I'd love to hear if you use these in your classroom and how your students respond. Our next writing piece is comparing & contrasting. Posts soon to follow!

Saturday, February 2, 2013

Student Writing = Mentor Texts

There are so many wonderful published books to use as mentor texts when teaching a skill or concept, but try looking closer to home. When a strong classroom community is created, children love to share their own work whether it's a "4 star" piece or a "work in progress". We can learn from great examples of writing, but more importantly we can learn from pieces with imperfections.
When I was conferencing with a child, I noticed that she used you at least ten times in the first paragraph. I asked her if I could share this with the class and she was more then happy to have her writing used as an example. I immediately put the piece under the document camera and had an instant mini lesson on repetition and word choice. I asked a student to read the first few paragraphs and then we had a discussion on what they noticed about the piece and how the piece sound while being read (I often say to my class that if it doesn't sound right then something is wrong and you must try to figure out what it is). Many noticed the repetition of words and we also discussed other examples of writers' craft that needed to be addressed such as paragraph organization and the flow/sequence of ideas.
The class responded very well to the lesson and applauded Marissa for sharing. The key point here is that the class can learn from each other. When children can look at "real" examples of peer work it makes the assignment more approachable and kids get a sense of "If they can do it, so can I!"

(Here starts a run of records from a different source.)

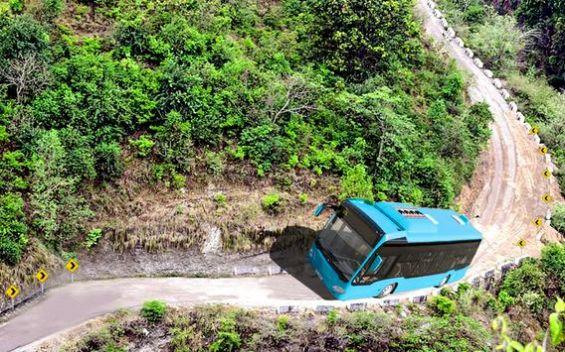 越野山路巴士驾驶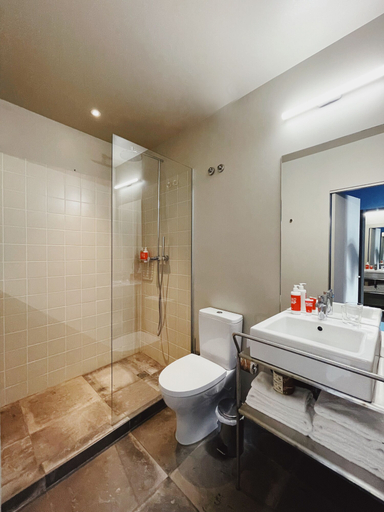 Bathroom 5, Esqina Cosmopolitan Lodge, Lisbon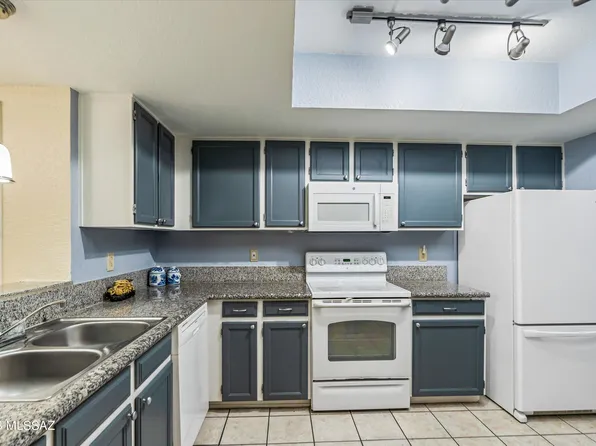 4281 N River Grove Cir APT 119, Tucson, AZ 85719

You can also use student work as mentor texts before or during the draft stage of writing. After I introduce the piece that we will be working on and conduct a few mini lessons on writers' craft (such as, writing a lead, using text features, word choice...), I then have students read like a writer and evaluate writing pieces from the previous years.  The students fold a piece of paper in half and make a 2 column T-chart with the headings Great Examples of Writers' Craft and What Can Be Better.
(You can download or print this graphic organizer here Mentor Text T-Chart.) Students must read the mentor texts and look for examples of good writing as well as, what is it about the writing that does not seem quite right. I instruct students that they cannot be vague! Students cannot just write word choice in the great examples column. They must write down what it is that makes the word choice great by recording the descriptions used.  The same goes for finding what can be better. Students cannot just write punctuation. They must site exactly what is wrong such as, does not use capital letters  or  periods are needed to stop long sentences. This is not an easy skill to learn. Many examples of thinking aloud will be needed. After students get a hang of it, it is fun to see them act like the teacher and really think about elements of writers' craft.

After the students complete their T-charts, they keep it with their writing piece.  They must refer to it throughout the writing process to make sure they focus on good examples of writers' craft and stay away from the mistakes that they recorded.

Their are a few writing pieces that I tend to have the students complete every year and that is why I have a build up of student samples. However, you can use many forms of writing as mentor texts to a number of different topics. I often photo copy pages from writer's notebooks, essays from science/social studies class, short responses from guided reading groups and copies of other thinking/writing assignments. Determine the skill that you want students to focus on and find student samples that address it.  Trading writing samples with other teachers is also a great way to expand your collection of student mentor texts!  E-mail me if you are in need of samples for a specific genre or writing piece. I would be happy to see if I have samples to meet your needs.

I am interested to know, how do you use mentor texts in your classroom?

Thursday, January 17, 2013

A Writer's Notebook: Truly A Wonderful Thing!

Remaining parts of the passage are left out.